我在命令行中将批处理运行为:bat>>输出.txt或输出.csv它非常适合overall_status,但所有其他标签都存在问题,例如:

  • overall_offical:大约 10 次后停止
  • 其他标记:列出文件名(与往常一样),但后面没有信息。

我将非常感谢有关如何解决此问题或有效解决此任务的另一种方法的任何帮助。我对编程只有一点基本的了解,但我确信能够将自己工作到任何简单的解决方案中。最好的帮助是优化批处理代码以适应这种情况的方法。

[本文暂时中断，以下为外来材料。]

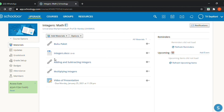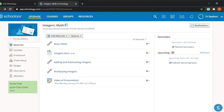The links to the materials videos on YouTube are: Adding and Subtracting Integers, and Multiplying Integers. After the class, I will give the students an assignment, which is a video presentation.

如果缺少一些信息,我很抱歉,我会提供。

@ECHO Off
SETLOCAL
SET "sourcedir=U:sourcedir"
SET "destdir=U:destdir"
:: SET "tags=overall_official lead_sponsor official_title results_reference overall_status"
SET "tags=%*"
FOR /f "tokens=1delims=" %%a IN (
'dir /b /a-d "%sourcedir%*.xml" '
) DO (
REM Clear detected-tags flags for each file "%%a"
FOR %%t IN (%tags% malformed) DO SET "%%t="
REM remove "rem" from following line to delete any existing result file
REM del "%destdir%%%~na.txt" >nul 2>nul
REM Read each line to %%L - usebackq to allow "quoted filenames"
FOR /f "usebackqdelims=" %%L IN ("%sourcedir%%%a") DO (
REM remove leading spaces from %%L into %%P
FOR /f "tokens=*" %%P IN ("%%L") DO (
REM tokenise on "<>"
FOR /f "tokens=1-3*delims=<>" %%w IN ("%%P") DO (
IF "%%z" neq "" SET "malformed=%%z"
FOR %%t IN (%tags%) DO IF "%%w"=="%%t" (SET "%%t=Y") else IF "%%w"=="/%%t" (SET "%%t=") 
SET "report="
FOR %%t IN (%tags%) DO IF DEFINED %%t SET "report=Y"
REM (1 of 2) un-rem this to deposit in individual filenames
REM (
IF DEFINED report (
REM we may have 1,2 or 3 tokens
REM if 3, output token 2
REM if 2, output token 1 if token 2 starts "/", token 2 otherwise
REM if only 1, output entire line unless it is a target token
IF "%%y" equ "" (
IF "%%x" equ "" (
REM only one token
FOR %%t IN (%tags%) DO IF "%%w"=="%%t" (SET "report=") else IF "%%w"=="/%%t" (SET "report=") 
IF DEFINED report ECHO %%L
) ELSE (
REM two tokens
ECHO %%x|FINDSTR /b "/">NUL 2>NUL
IF ERRORLEVEL 1 (ECHO %%x) ELSE (ECHO %%w)
)
) ELSE (ECHO %%x)
)
REM (2 of 2) un-rem this to deposit in individual filenames
REM )>>"%destdir%%%~na.txt"
FOR %%t IN (%tags%) DO IF "%%y"=="/%%t" (SET "%%t=") 
FOR %%t IN (%tags%) DO IF "%%x"=="/%%t" (SET "%%t=") 
)
REM pause
)
)
)
GOTO :EOF

您需要更改sourcedirdestdir的设置以适合您的情况。

这可能会给你一些想法。您尚未提供输出示例,因此您可能希望在每个输出行前面加上相应echo的源文件名(以%%~na为单位)

预期运行的语法:

此批次名称标签标签标签

我的方法是%%a包含要处理的文件名,%%L文件中的原始行数据,并%%P剥离前导空格的原始行数据。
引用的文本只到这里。